システムの「寿命」を考慮し、次のシステムを用意する
追加①経済システムの「寿命」を考慮しておく
安定性と持続性を考えると、さらに2つの要素を取り入れる必要があります。まず1つ目は「寿命」です。
不思議に聞こえるかもしれませんが、より「経済システム」を長続きさせたい場合、それ自体の寿命をあらかじめ考慮に入れておくことが重要です。
私たちの身体や車やパソコンと同様に、永遠に機能する完璧な経済システムというものは存在しえない、というのが今のところの持論です。
なぜなら、経済システムは何十年、何百年と運営されることで階層の固定化といった「淀み」の発生を避けられないからです。
経済は人気投票を何百万回と繰り返すようなものなので、時間が経つほど特定の人に利益が集中してしまうのは必然です(フィードバックループの結果)。この作用が格差を生み出します。
長く運営されることで徐々に特定の層に利益が滞留し始めると、当然それ以外の人の間で新しいシステムの誕生を望む声が高まっていきます。
また人間には「飽き」があるので、長く同じ環境にいると不満がなかったとしても、新しい環境を望んでしまう傾向があります。
最初から完璧なシステムを作ろうとせずに、寿命が存在することを前提にし、寿命がきたら別のシステムに参加者が移っていけるような選択肢を複数用意しておくことで、結果的に安定的な経済システムを作ることができるようになります。
例えば、ビジネスで、プラットフォーム戦略を考える時には、この寿命の概念はよく出てきます。
フェイスブックは若者のユーザー離れも想定してワッツアップやインスタグラムも買収しています。

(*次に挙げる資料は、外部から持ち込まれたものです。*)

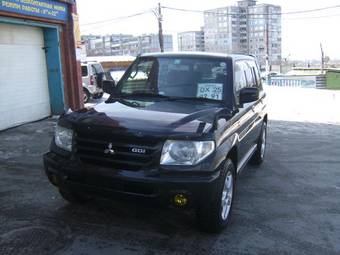 2000 Mitsubishi Pajero iO Pictures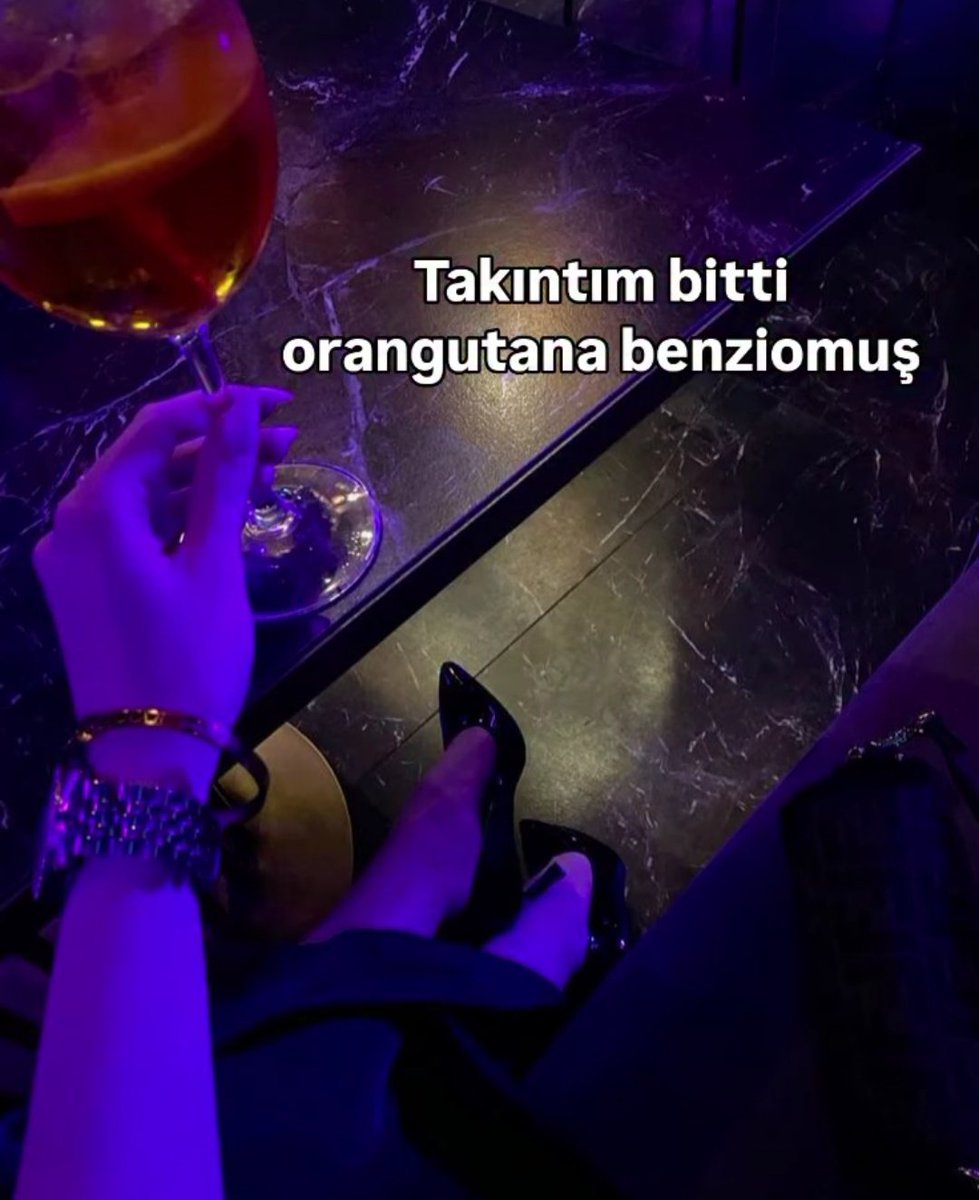 derya (@is1another) on Twitter photo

飽きられても他のサービスでユーザーを逃がさないようにしています。
ヤフーや楽天のような大手IT企業も特定のサービスに飽きたら他のサービスに回遊させるような設計がなされています。また、外食チェーンがファミリーレストランから中華料理まで店舗のレパートリーを用意して、お客さんの飽きを想定しながら展開しているのも同様の狙いがあります。
[図表1]
「幻想の共有」がシステムを長続きさせる
追加②「共同幻想」が寿命を長くする
2つ目が「共同幻想」です。永遠に続く完璧な経済システムを作ることはできなくても、できるだけ長持ちさせることはできます。
その時に重要になるのが、参加者全員が同じ思想や価値観を共有していること。
誤解を恐れずに言えば、「参加者が共同の幻想を抱いている場合」、システムの寿命は飛躍的に延びます。
国家であれば倫理や文化、組織やサービスであれば理念や美学みたいなものが該当するでしょう。
経済は参加者全員が利害を重ねる共同体でありながらも、個々は競争をしあうライバルの関係でもあります。当然、中にはズルをする人もいますし、自分勝手な人もいます。放置しておくと「やったもん勝ち」になって秩序は失われていきます。
そのうち不満を抱いている参加者が離脱していき、徐々に離反者が増えていき崩壊に至ります。ただ、この利害が激しくぶつかりあう場合でも、参加者が同じ思想や価値観を共有している場合には、互いに譲歩できる着地点を見つけられる可能性が高くなります。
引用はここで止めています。